======== Supplied information ========

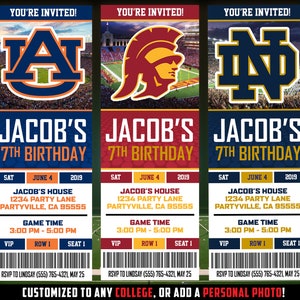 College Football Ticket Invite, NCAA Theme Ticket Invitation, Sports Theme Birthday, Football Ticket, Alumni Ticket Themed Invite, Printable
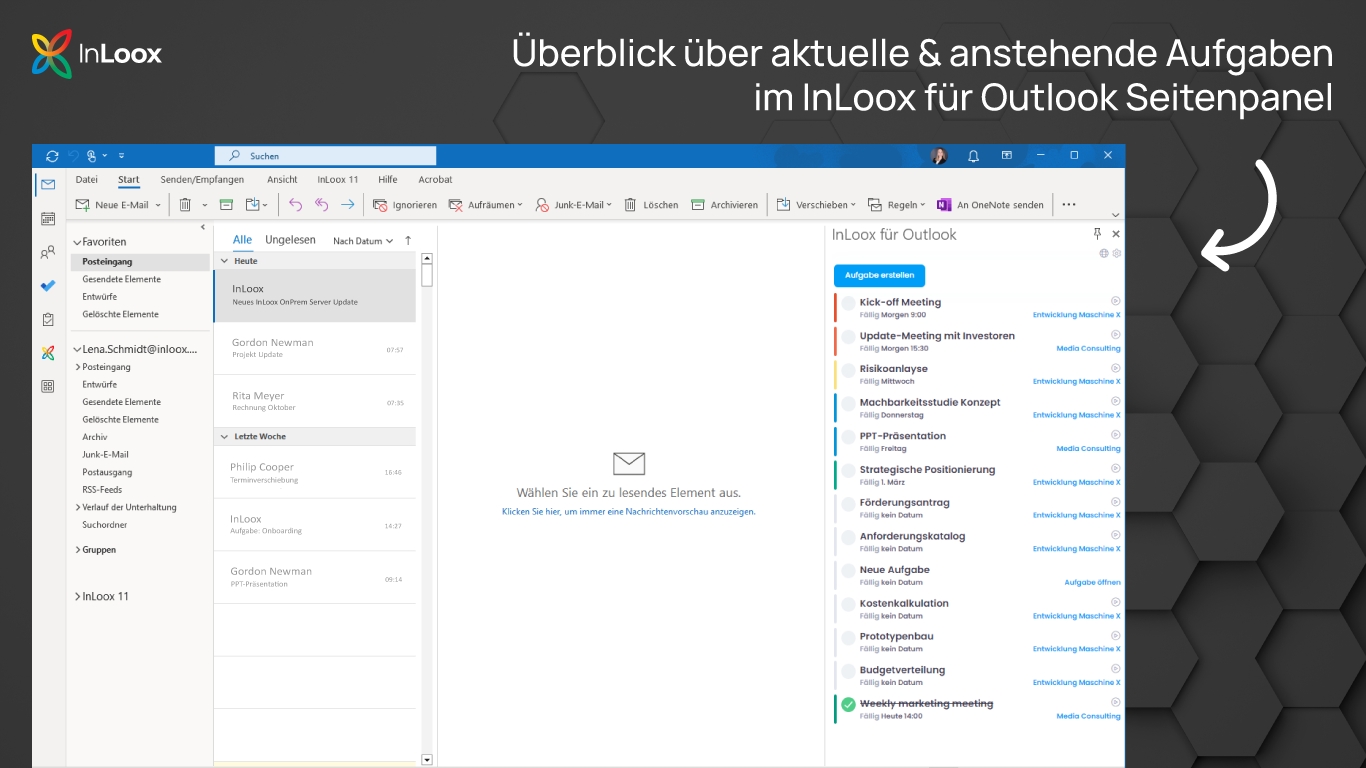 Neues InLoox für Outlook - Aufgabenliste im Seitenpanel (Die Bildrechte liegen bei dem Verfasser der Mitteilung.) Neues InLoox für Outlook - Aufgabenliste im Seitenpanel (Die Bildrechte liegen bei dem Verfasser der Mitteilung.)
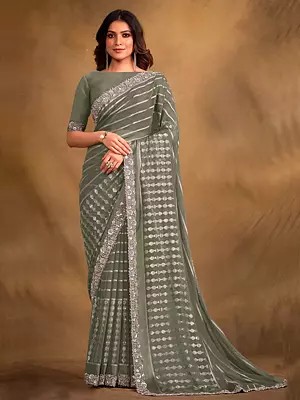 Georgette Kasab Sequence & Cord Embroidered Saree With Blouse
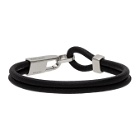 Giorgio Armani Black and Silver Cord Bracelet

========

Exact reproduction is required for the lines from the one containing "der Mitteilung.) Neues" through the end of the material, and for those lines only, without pictures.

 Neues InLoox für Outlook - Aufgabenliste im Seitenpanel (Die Bildrechte liegen bei dem Verfasser der Mitteilung.) Neues InLoox für Outlook - Aufgabenliste im Seitenpanel (Die Bildrechte liegen bei dem Verfasser der Mitteilung.)
 Georgette Kasab Sequence & Cord Embroidered Saree With Blouse
 Giorgio Armani Black and Silver Cord Bracelet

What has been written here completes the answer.